Greg Haskins, owner of Wildwood Nursery, 270 S. Ninth Ave., has been the landscape manager for the Seabrook Land Company, a pedestrian-friendly, village-type development of 220 homes about a mile north of Pacific City.


Since 2004, Haskins has designed the project’s landscaping and selected plant materials native to the Northwest that thrive in the often windy, cool and rainy coastal area.


Haskins said the development emphasizes front porches, alleyways, pocket parks and the ability to walk to amenities.


In 2010, Haskins oversaw the landscaping of the company’s “ultimate beach house,” which ended up being featured in a five-page spread in the October edition of Coastal Living magazine. And although Haskins moved to Sequim about a year ago to establish his own landscaping business, he remains closely involved with Seabrook on a new combination project with the company and Sunset magazine. In its July issue, the magazine announced an upcoming article on the “Ideal Town,”featuring two brand new homes in the development that have “the best ideas in home and garden design” by promoting community and sustainability.
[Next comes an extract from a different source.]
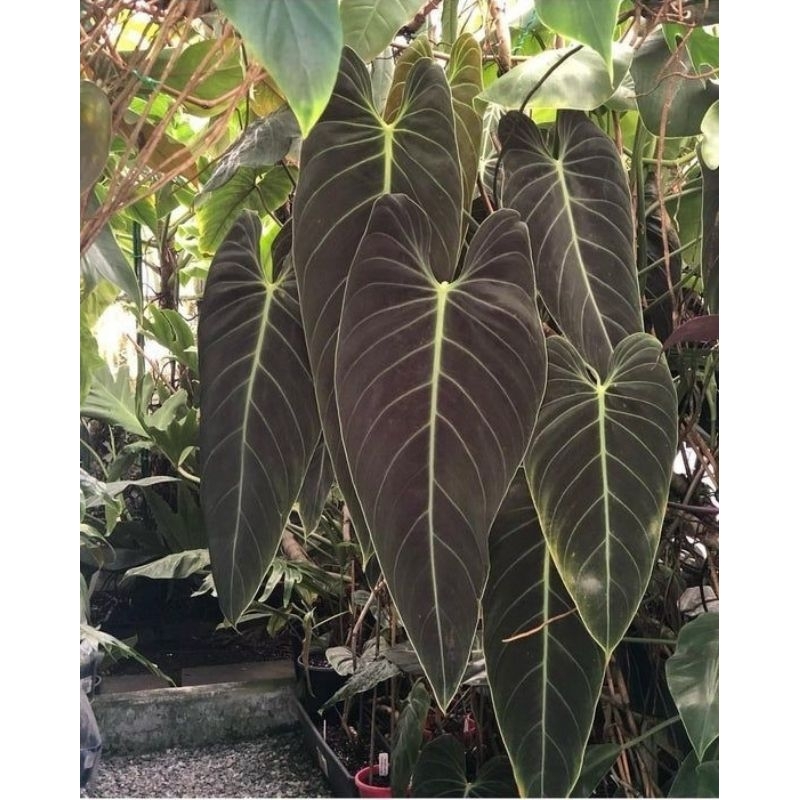 philodendron melanocrysum narrow / philo melano jumbo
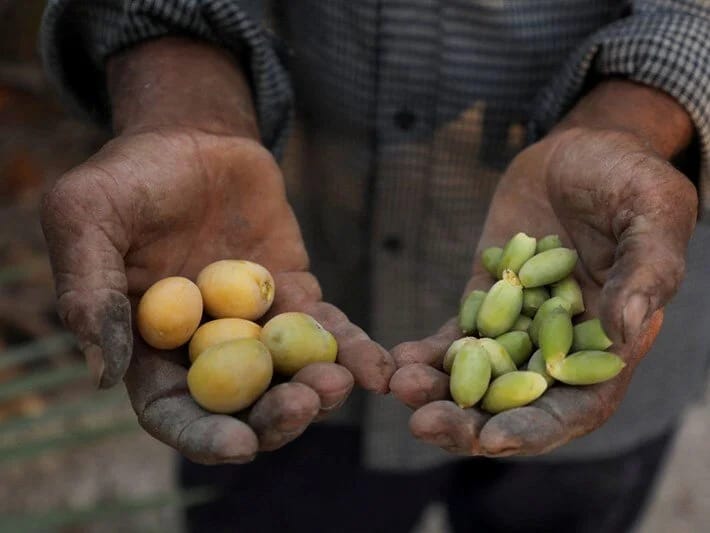 İraqın cənubundakı su böhranı səbəbindən fermerlər səhrada xurma yetişdirirlər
“My involvement was to do all the design and choose plant materials,” Haskins said. “Because Seabrook’s standard is 70 percent Northwest materials, I’ve incorporated native conifers, really cool wind-swept shore pines, rain gardens with western red cedar, wetland grasses and vine maples. They’re ‘imagining’ the owner wanting a Japanese garden, so I’m including a variety of Japanese pines and cedars. Sunset is always is after edibles in the landscape, so I selected blueberries, thornless blackberries, white currants, hops and lavender to represent Sequim.”


A ‘big splash’

Haskins said Seabrook and Sunset favor “big splash” plants, so he included rocket ligularia with its bright yellow spikes, large serrated leaves and mahogany stems.


“It forced me to bring in more show-stopper stuff,” Haskins said of the opportunity to appear in a feature to be published in Sunset this fall. “I like the blacks, silvers, whites and yellows — whites and yellows are very eye-catching.”


Haskins said the “Ideal Town” project will feature well over 70 different varieties of his plants, shrubs and trees. Other project design elements Haskins worked with include a greenhouse for hydroponically grown tomatoes and a Mediterranean herb garden. The magazine will have a photo shoot on the site on July 20.


To see some of Haskins’ local work, visit a drought-tolerant rock garden in the Water Reuse Demonstration Park he designed in conjunction with Joe Holtrop of the Clallam Conservation District.


Although Wildwood Nursery is predominantly a wholesale nursery, Haskins said he’s glad to provide free consultations for people, assessing their preferences, their budget and what their land can handle. He then arranges the plants much as they might look in the customer’s yard, streamlining the design process by not drawing out a formal design.


“I try to give people a road map to work on over time. They don’t have to do everything at once.”